My first full-time job is that of a mom. I’m sure you don’t want me to bore you with the details about what it takes to keep a household with eight kids and two dogs cranking each day, so not to worry — I’ll be brief.
Let me just say that as monotonous as much of motherhood can be, for me, no two days are ever alike.
I can go months without having to unclog a toilet and the minute I realize my upper arms are in need of some toning, wham, I get to plunge one or two toilets a day for a week!
Or everything in the laundry department is effortless and almost pleasant, until some kid leaves a black sharpie in his pocket, and because I neglected to check it in advance, we now all have ready-made zebra wear.
We won’t discuss what happens in the kitchen or what goes on underneath certain beds in this house. I’ll leave that to your imagination.
My other life, as a full-time writer, also entails quite a bit of repetition, but again, for me, no two writing experiences are ever the same.
Whether I’m writing this column (which is truly my passion!), putting out a freelance piece, working on my novel or writing articles for the various magazines and news sources that I’m so grateful to work for, each time I sit down and mull over the ideas swirling around in my mind, I never know which direction it will take me.
I love that about writing! I get to share hundreds of experiences with others using my own voice. I mold the words like a lump of clay into a finished piece of sculpture, tweaking and adjusting until I can sit back and say, “Done!”
Even better is when readers contact me about something that’s spoken to them, or even that they might disagree with. It’s still awesome to have interaction with folks who love to read!
My job as a mom allows me to join groups such as the PTO, fundraising and educational committees, various ministries in our church, even zany things like “girls gone giddy” — a group of my closest friends that get together to go on “adult” field trips from time to time.
As a writer, I’m thrilled to be the part of a professional blog, The Writer’s Crate, attend workshops throughout the year, go to author talks and events, and also be part of several writing communities — with one of my favorites being The Women’s Writing Guild.
Okay, so it’s not like being a member of the Elks or something, but I feel like the Grand Poo Bah when I’m in the company of other creative women.
One of our members recently submitted a column that really struck a chord with me. It was “Wouldn’t You Love To See This?” by Diana Fletcher. I liked it so much I wanted to share it in this column, because it really would be amazing if each of us could attempt to work on just one of these questions each day.

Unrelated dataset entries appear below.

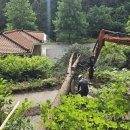 횡성군 산림조합 이미지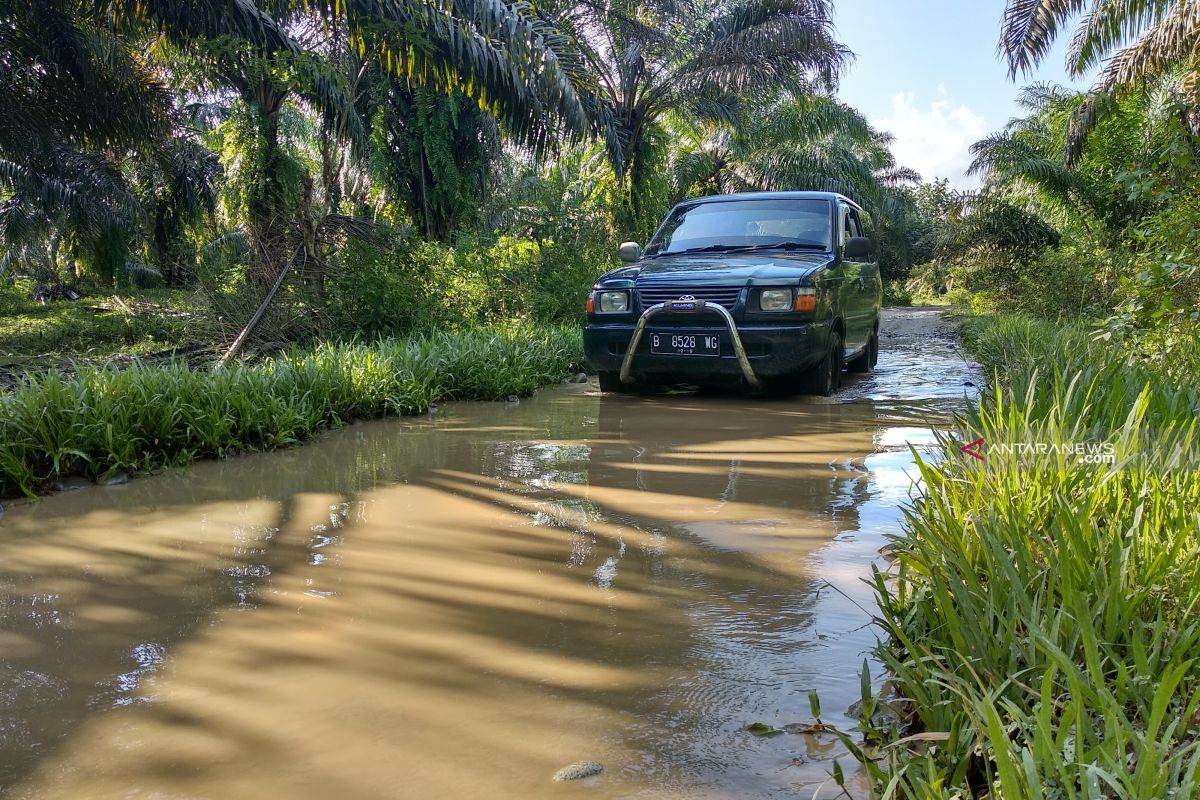 Wisatawan keluhkan jalan rusak menuju TWA Seblat Bengkulu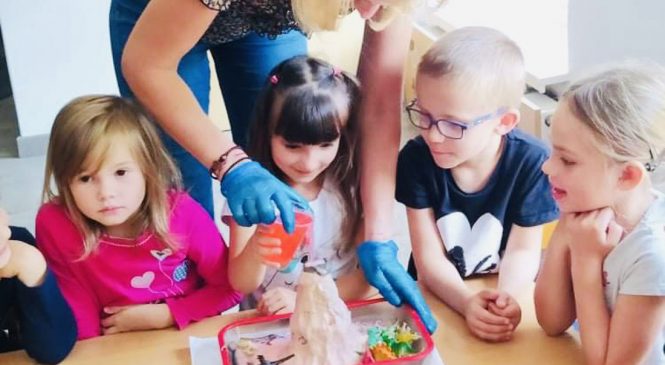 Zajęcia „Mały Odkrywca” w grupie „Tygrysy”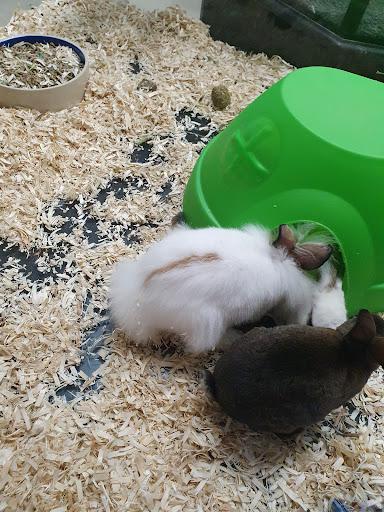 Pet Store «Pet Land», reviews and photos, 1450 Fort Campbell Blvd, Clarksville, TN 37042, USA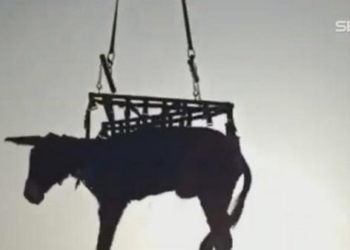 Бедовая Оливия: в Испании ослицу вытаскивали из зарослей ежевики… вертолетом (ВИДЕО)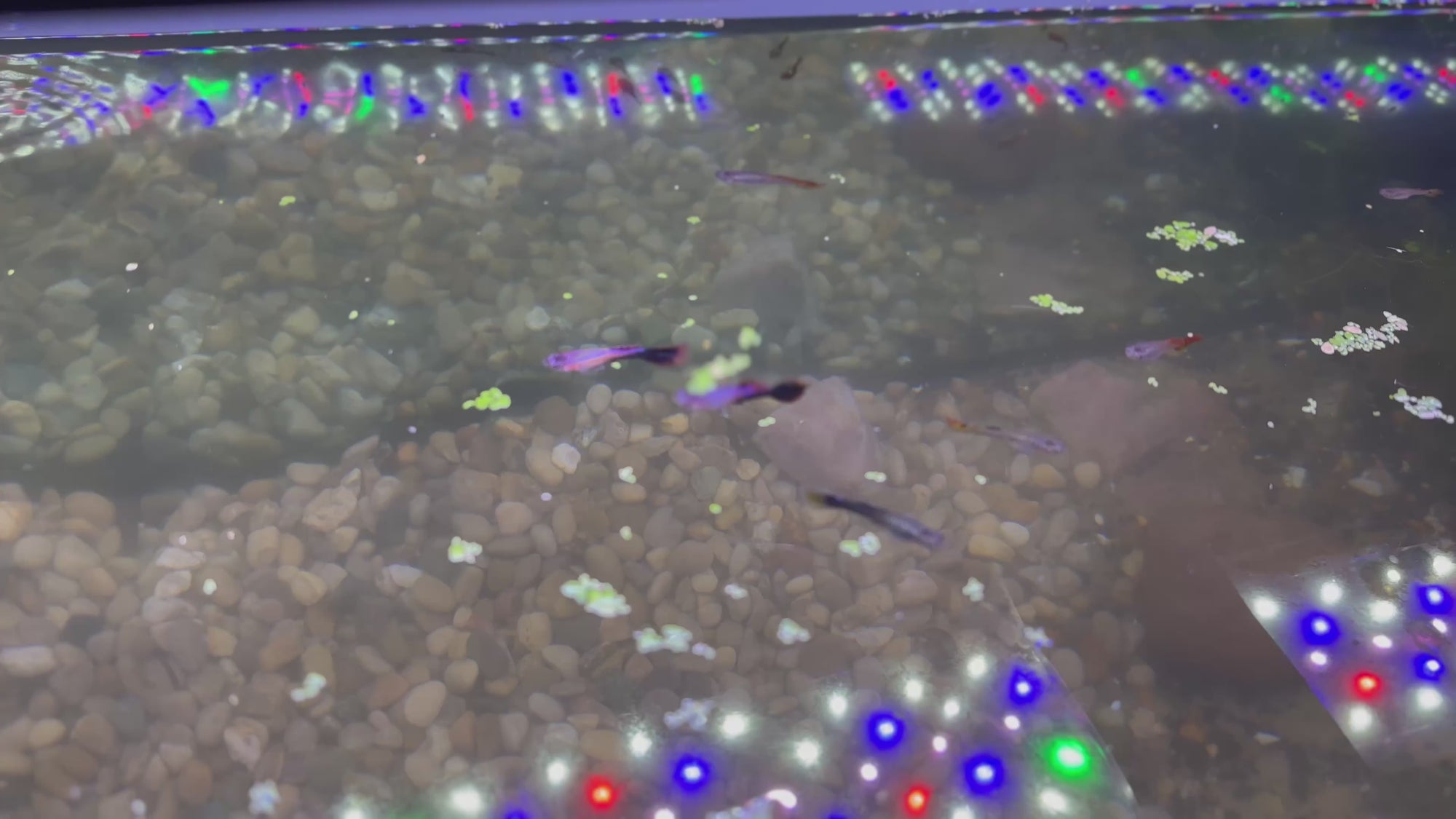 Assorted Guppies (5x Count)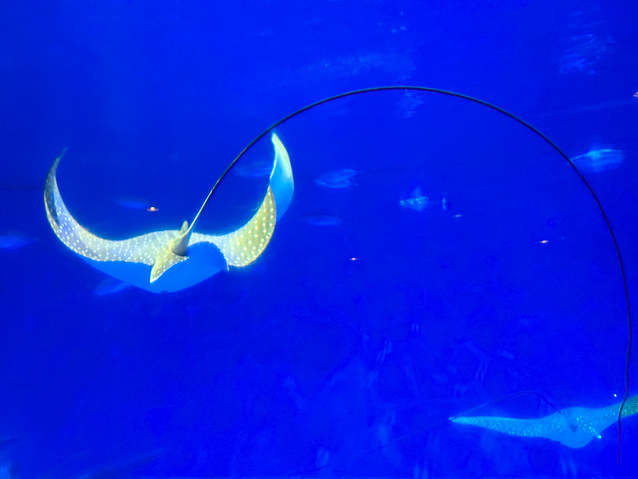 The ray's tail was amazingly long and slender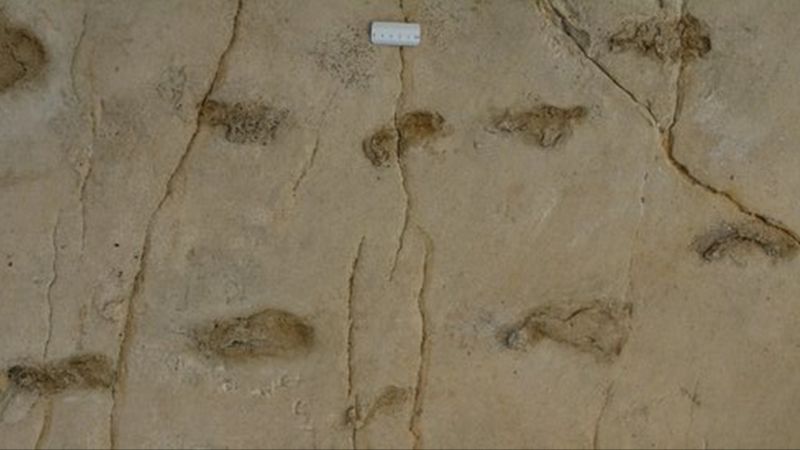 Huellas prehumanas halladas en Grecia podrían ser las más antiguas jamás descubiertas. _1211310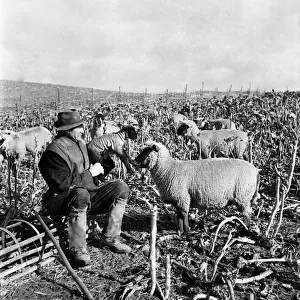 Lambing in Hampshire. March 1953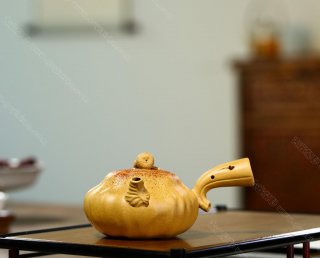 南瓜唐羽  南瓜唐羽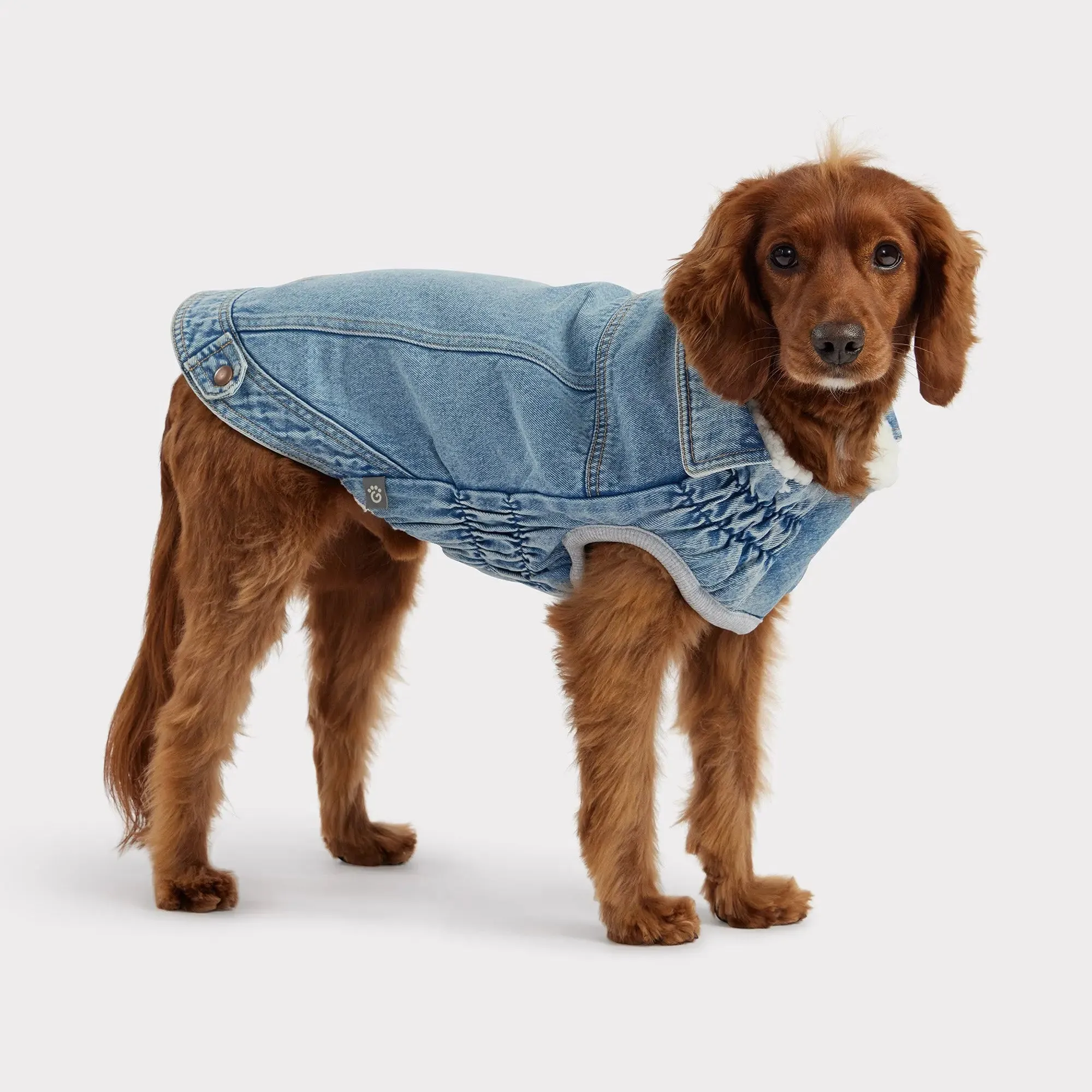 Denim Dog Jacket | Light Wash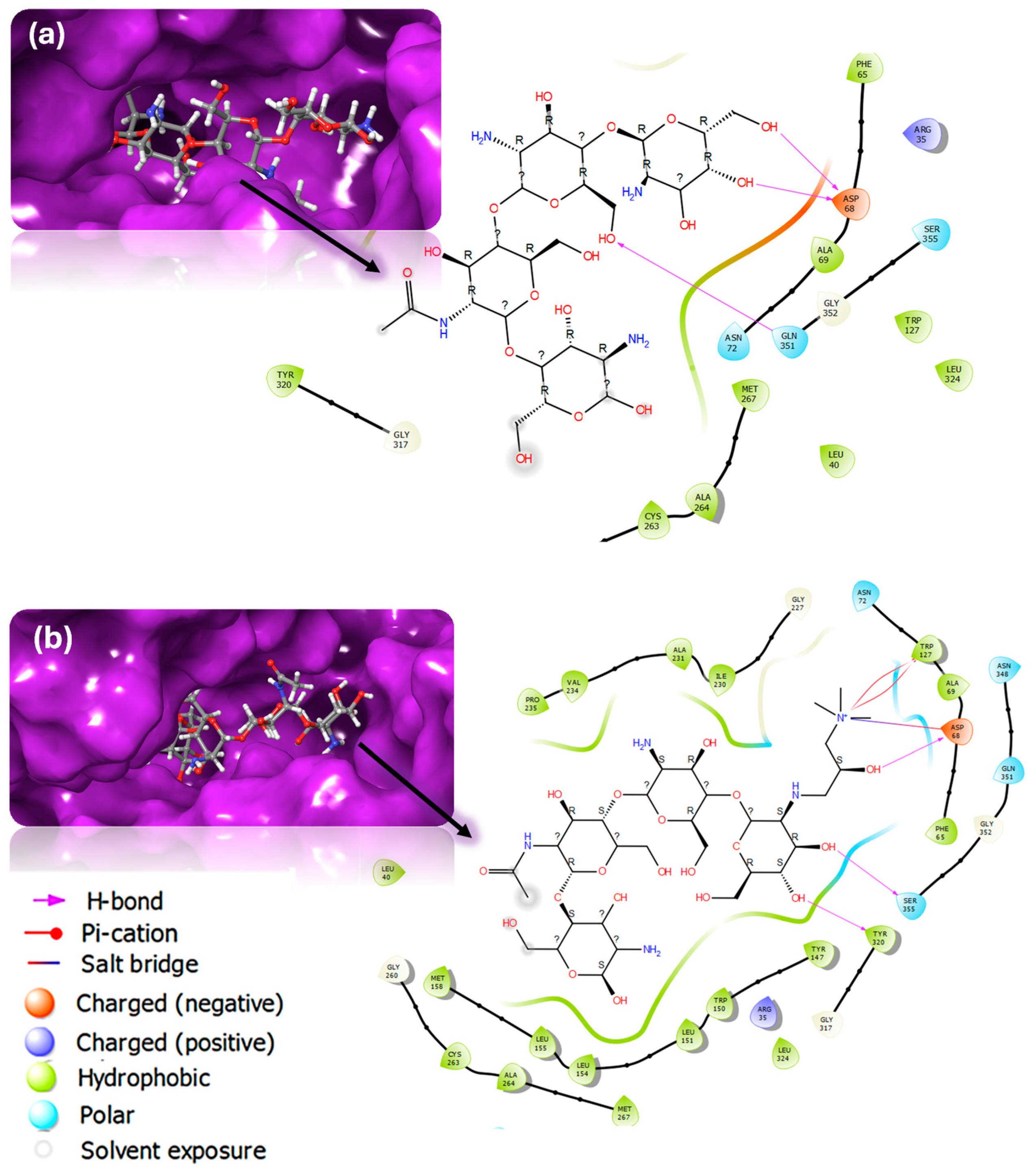 Polymers 16 02999 g003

What would it be like if everyone said please before any request, no matter how small?
What would it be like if no one stole from anyone, ever?
What if there were no bullies?
What would happen if people let other people who were in a hurry, go in front of them in a line?
What if no one yelled at children, cashiers, or anyone else?
What would it be like if people didn’t physically abuse anyone else?
What if no one sexually abused children?
What would happen if people stopped looking the other way when they witnessed something terrible?
What would happen if politicians only talked about themselves and never said bad things about anyone else?
What if no one on the radio was spewing out anger and hate and ugly things every day?
What if people stopped listening to that kind of ugliness?
What would happen if people looked out for each other as part of their daily routine?
What would happen if everyone were treated equally?
What would happen if everyone treated everyone else the way that they themselves would like to be treated?
What would happen if you tried to change just one of these things every day for the rest of your life? I can’t change the ugliness in the world, but I can change how I live my own life, and I would love to make a difference, one “what if” at a time.